There are two ways to make your money grow in the stock market:
1. Through an increase in stock price or capital appreciation
Capital appreciation is an increase in the market price of your stock. It is the difference between the amount you paid when buying shares and the current market price of the stock. However, if the company does not perform as expected, the stock price may go down below your purchase price.
You cannot really earn from stock price appreciation unless you sell your shares. Otherwise, it is only a book value gain, which means it is not yet converted to cash, and current price may change depending on market forces.

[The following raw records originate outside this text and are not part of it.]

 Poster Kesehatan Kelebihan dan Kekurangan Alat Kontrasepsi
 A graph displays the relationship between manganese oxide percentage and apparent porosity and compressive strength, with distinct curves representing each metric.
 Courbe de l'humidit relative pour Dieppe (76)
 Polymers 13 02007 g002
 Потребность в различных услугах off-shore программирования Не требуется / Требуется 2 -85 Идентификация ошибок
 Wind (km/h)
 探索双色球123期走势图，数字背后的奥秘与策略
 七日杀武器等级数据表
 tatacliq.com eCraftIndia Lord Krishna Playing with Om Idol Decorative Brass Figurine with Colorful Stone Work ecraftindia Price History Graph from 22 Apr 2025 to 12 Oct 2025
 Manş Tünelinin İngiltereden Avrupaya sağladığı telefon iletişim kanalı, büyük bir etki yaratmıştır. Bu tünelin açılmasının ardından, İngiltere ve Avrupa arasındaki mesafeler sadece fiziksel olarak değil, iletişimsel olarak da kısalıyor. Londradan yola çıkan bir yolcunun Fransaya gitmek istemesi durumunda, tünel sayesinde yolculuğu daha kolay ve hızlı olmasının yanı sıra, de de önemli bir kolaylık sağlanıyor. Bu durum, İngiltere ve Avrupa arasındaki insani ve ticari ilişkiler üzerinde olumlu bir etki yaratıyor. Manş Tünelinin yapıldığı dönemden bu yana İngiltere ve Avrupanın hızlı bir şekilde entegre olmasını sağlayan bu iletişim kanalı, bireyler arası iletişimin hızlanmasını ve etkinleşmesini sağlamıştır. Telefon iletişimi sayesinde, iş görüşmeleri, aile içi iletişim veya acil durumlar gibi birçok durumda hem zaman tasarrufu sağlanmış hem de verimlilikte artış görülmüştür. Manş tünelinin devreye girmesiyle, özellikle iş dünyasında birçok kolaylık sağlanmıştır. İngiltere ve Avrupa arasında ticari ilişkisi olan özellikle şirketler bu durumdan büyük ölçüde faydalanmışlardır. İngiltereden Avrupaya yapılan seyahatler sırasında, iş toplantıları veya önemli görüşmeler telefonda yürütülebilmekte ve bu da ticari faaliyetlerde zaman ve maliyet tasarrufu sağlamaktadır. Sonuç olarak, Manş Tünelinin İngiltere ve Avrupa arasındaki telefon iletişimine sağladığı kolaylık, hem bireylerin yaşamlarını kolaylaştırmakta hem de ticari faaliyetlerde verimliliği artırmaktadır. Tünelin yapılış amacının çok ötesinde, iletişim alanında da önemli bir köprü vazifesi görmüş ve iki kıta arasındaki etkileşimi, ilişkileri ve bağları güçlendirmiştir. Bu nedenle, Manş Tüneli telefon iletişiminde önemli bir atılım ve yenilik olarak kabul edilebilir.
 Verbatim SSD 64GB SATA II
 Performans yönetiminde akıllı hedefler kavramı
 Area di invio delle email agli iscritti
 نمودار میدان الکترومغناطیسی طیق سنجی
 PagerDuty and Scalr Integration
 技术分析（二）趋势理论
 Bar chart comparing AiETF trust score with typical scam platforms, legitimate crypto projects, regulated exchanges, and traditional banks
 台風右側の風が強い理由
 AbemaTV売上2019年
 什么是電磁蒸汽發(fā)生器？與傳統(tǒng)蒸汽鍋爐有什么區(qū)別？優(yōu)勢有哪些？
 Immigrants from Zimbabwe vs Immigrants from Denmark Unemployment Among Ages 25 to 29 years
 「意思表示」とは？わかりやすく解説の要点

For example, if you buy a share of stock at Php100.00, and it rises to Php110.00, your capital appreciation or gain is Php10.00. Keep in mind that you only realize your gain of Php10.00 minus applicable charges, if you sell at Php110.00. If you choose to hold it and it further increases to Php150.00, your capital gain would be Php50.00. However, if your stock decreases to Php100.00, and you decide to sell it at that price, then your capital gain is zero.
2. Through dividends declared by the company
Dividends are paid out to shareholders, representing earnings of the company that are not going to be reinvested in their business. There are two types of dividends: cash and stock dividends.
A cash dividend represents earnings declared by the company for every share of stock. So, if the company declares a dividend of 25 centavos per share, a stockholder with 10,000 shares will receive a cash dividend of (Php2,500.00 minus tax of 10% for individual Filipino investors)(Php0.25 x 10,000) in cash.
Stock dividends are additional shares given to shareholders at no cost. If the company declares a 25 percent stock dividend, a stockholder with 10,000 shares will be entitled to an additional 2,500 shares of stock. These shares can be sold anytime after the shares have been issued.